In the last fifty years or so, the breakthrough of live TV coverage over long distances resulted in news coverage of dramatic events that the whole world could watch. The horrific assault on members of Israel’s national team at the 1972 Olympic Games in Munich was watched by an estimated audience of 500 million people around the world. The satellite coverage of the 1989 student protests in Tiananmen Square catapulted CNN into a premier international all-news network. Following the terrorist attacks of 9/11 Al Qaeda’s leadership boasted that the size of the global news audience had set a new record. Carefully orchestrated by the Pentagon, the 2003 invasion of Iraq was reported “live” by news teams embedded in military units.
And now, as Thomas L. Friedman writes in today’s column in the New York Times, people around the world watch “World War Wired — the first war in a totally interconnected world. This will be the Cossacks meet the World Wide Web.”
Friedman is right, individuals with smartphones capture the cruelty of war, upload images of horror and bravery on TikTok and other social media platforms, and make all of this available to people around the globe. The gatekeepers of traditional news organization or the censors of authoritarian regimes are being bypassed in the social media world.

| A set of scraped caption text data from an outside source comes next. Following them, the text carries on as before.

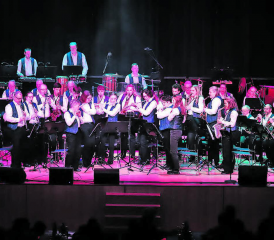 Die Musikgesellschaft Muhen während dem ersten von drei Konzerten in der Sporthalle Breite. Am kommenden Wochenende kann die grossartige Show mit ihren zahlreichen Solo-Auftritten noch zweimal genossen werden. (Bilder: Remo Conoci)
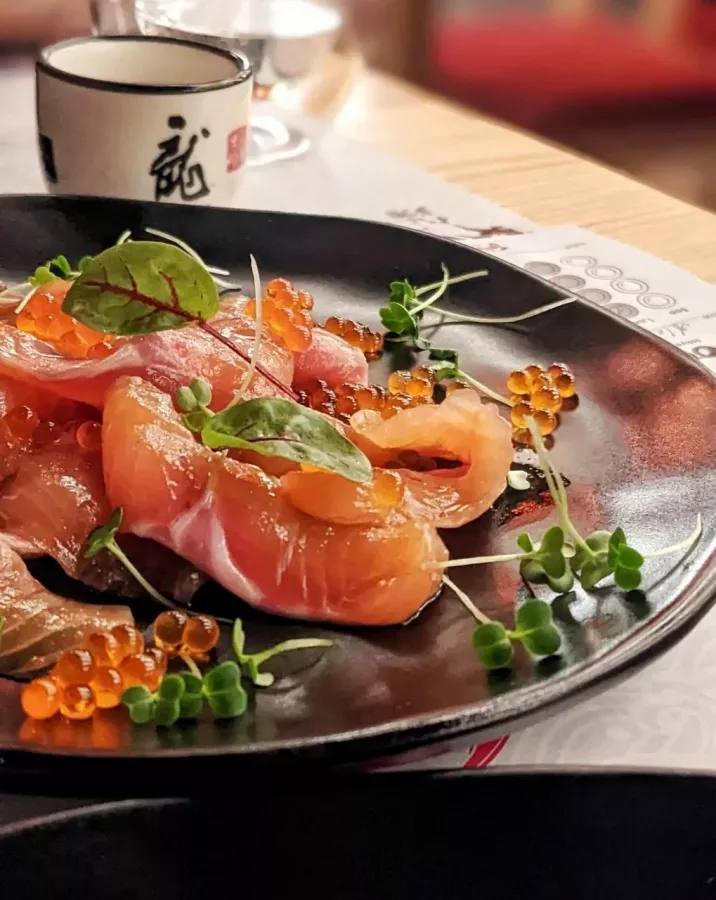 Ресторан Tokyooo в Ереване: Ресторан, Азиатская кухня, Доставка, Попробовать новое, Для свиданий, На каждый день,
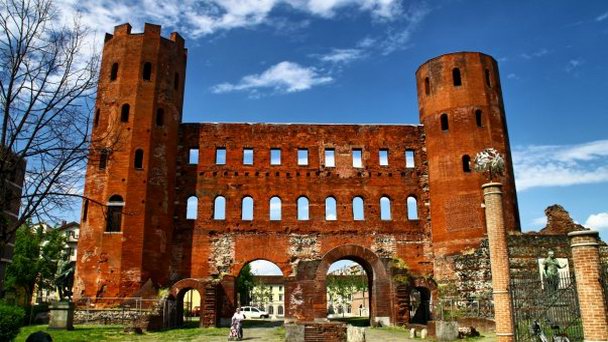 Дворцовые ворота (Порте Палатине Porte Palatine) в Турине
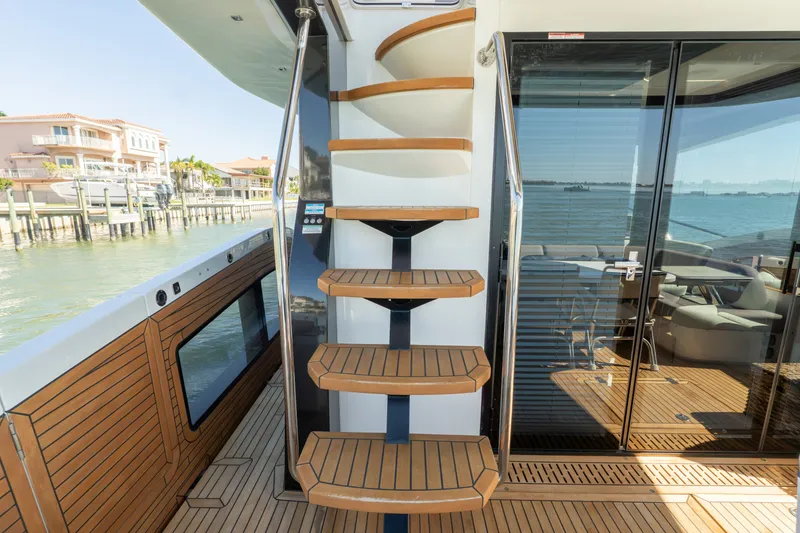 Slide: The Image of Galeon 560 FLY 2024 - 18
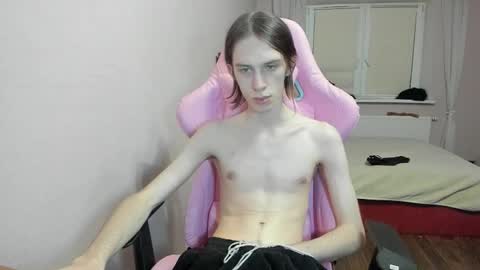 Snapshot of eleganc3 chatting on 14, 11, 2025 eleganc3 online show from 14, 11, 2025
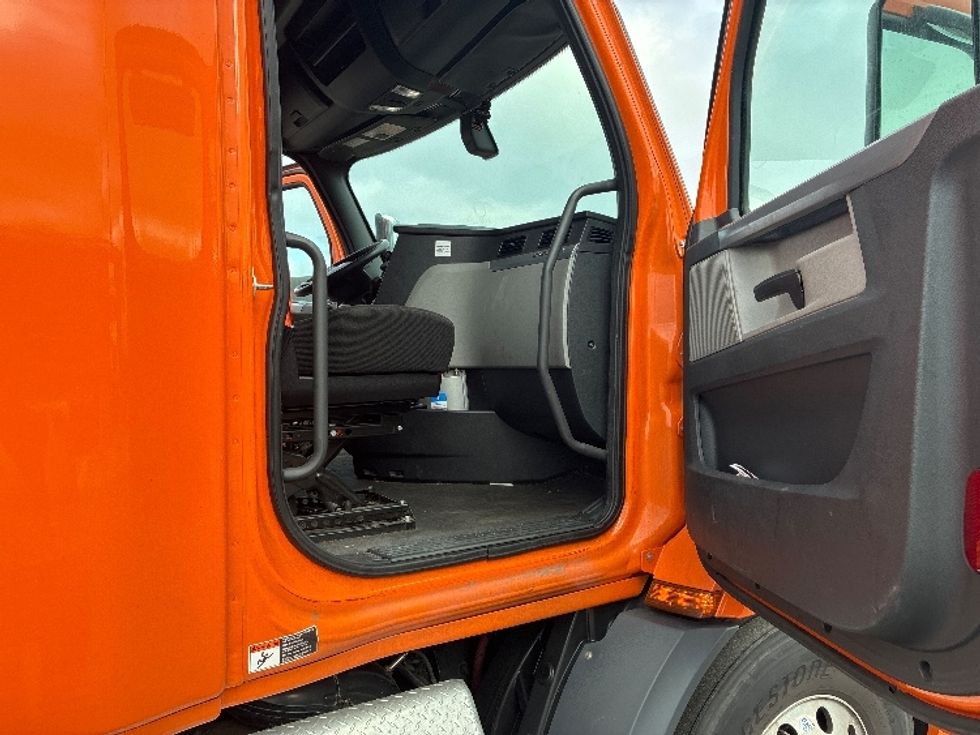 Sleeper Tractor-Heavy Duty Tractors-Freightliner-2019-T11664ST-Obetz-OH-382,632\n\t\tmiles-$ 52,000 - Image 13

But whereas the pure multitude of pictures and video clips captured by Ukrainians on their smartphones writes a new chapter in war reporting, the same platforms are available to professional propagandists. In the current conflict, Russian propagandists spin the news in both traditional and social media in carefully tailored narratives that counter the episodic images of smartphone photography. And the Ukrainian authorities may spin as well.
In sharp contrast, the uploaded images and sounds of smartphone owners present brutality and violence in multi millions of snippets in social media. It is a double-edged sword: raw and unfiltered images on the one hand and one the other hand a complete lack of contextual information that would allow assessments of the snippets on the screen.
I have been told in the last several days repeatedly that the conflict between Russia and Ukraine is a “media war” or was asked whether that is the case.
The conflict is a real war on real land and in real airspace. In spite of the attention to the compelling images on TikTok and other social media platforms, I prefer the war coverage by the well-trained journalists of the best traditional news organizations. They provide the context that TikTok and YouTube do not.